The Philippines' stable macroeconomic environment and conservative fiscal policies make it a relatively safe investment destination. Geopolitical risks, particularly related to the U.S.-China tensions require close monitoring to mitigate potential impacts on investments.

Indonesia

Political Landscape

Indonesia, under the leadership of President Joko Widodo, has maintained a stable and reliable partnership with the United States, a legacy dating back to the 1960s. In contrast to the Philippines, the government effectively controls the dispersed archipelago, managing occasional insurgencies without significant disruption to overall stability. Political manoeuvring around rising Islamic political movements could impact future policy directions, although the risk remains contained.

Economic Overview

Indonesia has a healthy trade surplus driven by commodity exports, including coal, palm oil, and nickel, coupled with low debt burdens and sustainable fiscal policies. The country's inflation rate is low, with the central bank maintaining a vigilant stance on monetary policy, particularly concerning exchange rate stability. The export profile is diverse, with significant contributions from energy commodities and increasing importance of nickel, especially for the EV industry.

Source: BI

Indonesia's interest rates tend to be higher due to historical reliance on foreign investment in local currency bonds, necessitating attractive returns to retain investors. The central bank has been gradually lowering its inflation target from 3% to 2.5% by next year.
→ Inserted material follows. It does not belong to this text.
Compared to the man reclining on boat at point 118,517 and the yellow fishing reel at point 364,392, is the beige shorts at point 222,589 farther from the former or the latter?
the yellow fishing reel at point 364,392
Additionally, Indonesia's status as a major commodities exporter makes exchange rate stability a critical focus for the central bank, which even preemptively hiked rates earlier this year to defend the currency despite well-contained inflation.

Source: Bloomberg

Implications for Investment

Indonesia's economic stability and strategic importance in the commodities market make it an attractive and relatively stable investment destination. Political risks related to Islamic movements and potential policy shifts should be watched, although they currently pose minimal threat to economic stability.

Compared to LATAM

Growth and economy size

Both the Philippines and Indonesia are outpacing their Latin American counterparts - Brazil, Mexico and Colombia - with projected growth rates of around 5-6% over the medium term as opposed to Latin America's growth rates of 2-3%.

Source: IMF

In terms of economy size, the Philippines' economy is slightly larger than Colombia's, while Indonesia's economy is somewhat smaller than Mexico's. However, on a per capita basis, incomes in Indonesia and the Philippines are lower than those in Brazil, Colombia, and Mexico. Despite this, the per capita real GDP growth in Indonesia and the Philippines stands out, reflecting substantial improvements in income per capita, adjusted for inflation.

Source: IMF

This disparity in growth rates and economic size highlights the potential of Southeast Asian markets compared to their Latin American counterparts, offering compelling opportunities for investors seeking high-growth environments.

Conclusion

The political and economic stability of both the Philippines and Indonesia relative to other emerging markets, coupled with the significant fintech opportunity created by virtue of the fact that they are both large dispersed island countries with often patchy relationships to the mainland, make these markets particularly appealing. However, geopolitical tensions and domestic political dynamics require vigilant monitoring to navigate potential risks effectively.